Em 2014, Dylan Farrow, filha adotiva do casal, voltou a acusar Woody Allen de ter abusado sexualmente dela em 1992, quando tinha apenas sete anos, uma acusação que reiterou em 2018, mas que o realizador sempre desmentiu e que nunca foi comprovada pelas duas investigações em separado que se fizeram ao caso.

Nas redes sociais, Dylan Farrow declarou que a decisão de publicar o livro tinha sido "profundamente perturbadora” para si e “uma completa traição” ao irmão.

Contudo, a decisão do grupo editorial de voltar atrás na decisão de publicar a autobiografia do realizador de “Annie Hall” acabou por se revelar também controversa, com algumas vozes a levantarem-se contra esta cedência a pressões e a falarem de censura.
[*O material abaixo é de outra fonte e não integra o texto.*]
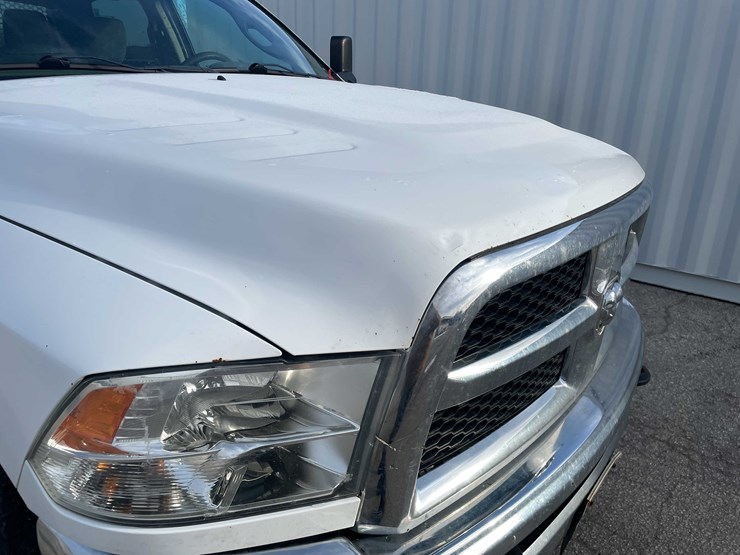 2016-ram-2500-tradesman-image-18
Num artigo publicado no jornal The Guardian, a ex-diretora do PEN club inglês e ex-editora do Index on Censorship, uma organização sem fins lucrativos cujo objetivo é promover a liberdade de expressão, Jo Glanville, deixou claro que “este é o comportamento de censores, não de editores”, e acusa a Hachette de ter sucumbido à ofensa moral, ao rejeitar publicar o livro.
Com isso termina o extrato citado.